Un disperato SOS indirizzato al Viminale ad una manciata di ore di distanza da quello che è soltanto l’ultimo dei tanti casi di intimidazione registrati in questi ultimi mesi a danno di imprese operanti nelle Serre vibonesi, dove – così pare – la remunerativa tecnica scandita dalle regole del circuito del racket, non è mai passata di moda. Questa volta, a Fabrizia, sono state le campagne di località “Cellia”, nella serata di sabato scorso, ha impregnarsi dell’odore acre sprigionatosi da un incidendo di evidente natura dolosa. Una pila di fumo inquietante, liberatasi in cielo direttamente dall’interno del capannone di un cementificio di proprietà di un giovane imprenditore, Cosimo Demasi, costretto, a fiamme spente, a cimentarsi nella mortificante conta dei danni subiti: due betoniere, un’autobomba e un veicolo per il trasporto inerti. Tutti completamente distrutti, ingoiati dal rogo.

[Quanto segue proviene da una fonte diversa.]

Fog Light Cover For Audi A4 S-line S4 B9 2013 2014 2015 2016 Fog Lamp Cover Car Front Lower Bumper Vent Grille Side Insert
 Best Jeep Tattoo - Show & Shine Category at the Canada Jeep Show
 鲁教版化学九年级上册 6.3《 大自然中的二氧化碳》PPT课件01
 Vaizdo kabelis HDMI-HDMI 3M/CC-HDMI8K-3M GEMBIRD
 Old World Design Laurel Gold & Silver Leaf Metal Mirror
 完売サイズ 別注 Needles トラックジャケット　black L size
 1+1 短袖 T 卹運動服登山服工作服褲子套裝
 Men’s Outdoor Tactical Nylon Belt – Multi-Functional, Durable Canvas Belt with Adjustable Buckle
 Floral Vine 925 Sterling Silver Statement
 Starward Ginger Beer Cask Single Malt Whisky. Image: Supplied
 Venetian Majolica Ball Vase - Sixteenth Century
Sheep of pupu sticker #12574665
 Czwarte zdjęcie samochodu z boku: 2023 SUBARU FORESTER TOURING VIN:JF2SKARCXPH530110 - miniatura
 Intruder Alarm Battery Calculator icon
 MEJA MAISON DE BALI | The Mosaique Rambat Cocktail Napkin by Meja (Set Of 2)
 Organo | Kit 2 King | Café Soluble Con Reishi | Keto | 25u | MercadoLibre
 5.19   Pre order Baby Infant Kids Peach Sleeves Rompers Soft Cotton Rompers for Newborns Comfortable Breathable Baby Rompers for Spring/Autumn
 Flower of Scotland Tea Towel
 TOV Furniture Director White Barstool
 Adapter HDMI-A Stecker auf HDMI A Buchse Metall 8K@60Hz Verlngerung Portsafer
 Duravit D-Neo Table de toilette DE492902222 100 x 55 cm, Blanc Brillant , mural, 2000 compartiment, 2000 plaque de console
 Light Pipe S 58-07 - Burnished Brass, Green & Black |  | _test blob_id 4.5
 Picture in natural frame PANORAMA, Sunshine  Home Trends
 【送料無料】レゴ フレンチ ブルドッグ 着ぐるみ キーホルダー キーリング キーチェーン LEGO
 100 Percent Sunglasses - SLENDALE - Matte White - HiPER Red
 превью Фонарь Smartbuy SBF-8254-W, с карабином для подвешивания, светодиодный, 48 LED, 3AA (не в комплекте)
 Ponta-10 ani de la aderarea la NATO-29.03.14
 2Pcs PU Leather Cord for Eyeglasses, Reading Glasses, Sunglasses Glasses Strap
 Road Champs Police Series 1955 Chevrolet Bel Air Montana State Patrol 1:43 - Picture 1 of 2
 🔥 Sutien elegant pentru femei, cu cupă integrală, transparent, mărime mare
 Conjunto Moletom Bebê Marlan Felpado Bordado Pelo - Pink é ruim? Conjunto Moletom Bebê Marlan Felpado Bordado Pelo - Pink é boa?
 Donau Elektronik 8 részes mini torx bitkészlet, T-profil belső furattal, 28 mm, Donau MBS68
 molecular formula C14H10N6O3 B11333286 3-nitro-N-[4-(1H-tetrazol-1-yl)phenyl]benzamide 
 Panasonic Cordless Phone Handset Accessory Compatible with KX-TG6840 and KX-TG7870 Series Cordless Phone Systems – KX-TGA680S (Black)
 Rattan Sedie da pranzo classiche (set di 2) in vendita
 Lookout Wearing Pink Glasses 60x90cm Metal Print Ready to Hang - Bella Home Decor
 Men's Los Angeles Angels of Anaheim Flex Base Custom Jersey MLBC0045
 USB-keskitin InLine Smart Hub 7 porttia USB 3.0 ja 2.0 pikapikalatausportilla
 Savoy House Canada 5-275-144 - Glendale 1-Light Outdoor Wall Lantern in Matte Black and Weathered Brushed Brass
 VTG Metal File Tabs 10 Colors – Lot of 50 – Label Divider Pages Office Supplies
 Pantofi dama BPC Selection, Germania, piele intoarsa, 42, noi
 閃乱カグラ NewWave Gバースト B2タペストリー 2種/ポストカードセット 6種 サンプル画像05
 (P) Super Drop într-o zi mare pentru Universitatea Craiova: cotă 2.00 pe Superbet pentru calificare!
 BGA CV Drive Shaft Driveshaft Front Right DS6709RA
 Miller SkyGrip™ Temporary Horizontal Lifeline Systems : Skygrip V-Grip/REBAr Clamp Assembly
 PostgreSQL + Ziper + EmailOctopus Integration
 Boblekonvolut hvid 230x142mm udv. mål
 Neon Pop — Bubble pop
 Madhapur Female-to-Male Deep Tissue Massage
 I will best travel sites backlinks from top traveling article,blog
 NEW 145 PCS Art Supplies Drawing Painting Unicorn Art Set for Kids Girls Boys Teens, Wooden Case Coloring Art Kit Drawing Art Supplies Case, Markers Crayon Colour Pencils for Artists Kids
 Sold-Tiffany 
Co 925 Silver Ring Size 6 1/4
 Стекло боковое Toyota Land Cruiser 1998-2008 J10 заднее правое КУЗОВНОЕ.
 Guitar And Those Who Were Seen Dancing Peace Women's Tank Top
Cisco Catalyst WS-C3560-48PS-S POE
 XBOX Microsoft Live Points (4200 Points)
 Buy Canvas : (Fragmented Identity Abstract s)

Un nuovo incendio, insomma, che va a “riscaldare” il lungo inverno delle Serre, a poche settimane di distanza da un altro attentato intimidatorio, che solo il 10 gennaio scorso aveva interessato il mobilificio di Vallelonga dei fratelli Antonio e Fortunato Luca, e che già negli anni prima era stato oggetto di ingenti danneggiamenti. Per i due casi le dinamiche – almeno secondo quanto riportato dagli inquirenti – sembrano essere analoghe: favoriti dal buio della notte, i “piromani”, forzando dei punti di accesso, si sarebbero guadagnati il libero ingresso negli stabili. Dopo di che solo fumo e fiamme ad avvolgere centinaia di migliaia di euro di anni di lavoro, di progetti, di sudori, di speranze andate perdute.

È stato così, nell’ottobre scorso, anche per alcuni mezzi impiegati nei lavori per il completamento di un tronco dell’eterna Trasversale delle Serre, all’altezza dello svincolo di “Monte Cucco”, tra i comuni di Simbario e Vallelonga. Nei cantieri allestiti dalla ditta Cavalleri di Diamante, furono addirittura cinque gli automezzi distrutti. E poi, ancora dopo, il 19 dicembre scorso, a Serra San Bruno, i proiettili sparati all’indirizzo di un furgone dell’azienda napoletana impegnata nei lavori per il recupero dell’ex carcere mandamentale comunale, destinato ora a diventare un Museo Pinacoteca grazie all’impiego dei fondi comunitari Pisl-Calabria.

Una catena spaventosa di intimidazioni esplicite registrate nel giro di soli tre mesi e mezzo: la media di una ogni venti giorni insomma. Fatti gravi a cui si aggiungono i numerosi casi di incendio a danno di autovetture private, alcune di queste anche di proprietà di sindaci ed amministratori. Un’ondata di violenza che non ha più neanche la forza di inquietare, di generare allarme, spavento. Quasi come se in Calabria determinate condotte fossero divenute ormai una routine consolidata, fatti all’ordine delle cronache quotidiane o che comunque si consumano lenti nella superficiale e sbrigativa attenzione dei media: un servizio in onda al telegiornale locale, due colonne sui quotidiani, i racconti dei curiosi di passaggio nei pressi del “luogo del delitto”, la solidarietà scarna del politico di turno riassunta in quattro righe di freddi comunicati stampa pro forma. Nulla più. Tutto si infrange contro una barriera di silenzio che drena quello che non ha più neanche la forza di mantenersi notizia almeno per tre giorni consecutivi. La criminalità non molla la presa, anzi, dopo periodi di calma apparente ritorna più prepotente di prima, emerge in tutta la sua crudezza. Quello che riusciamo a vedere, forse, è solo la punta di un iceberg, di un sistema gigante, certamente complesso, ma che di sicuro il silenzio non potrà mai scalfire.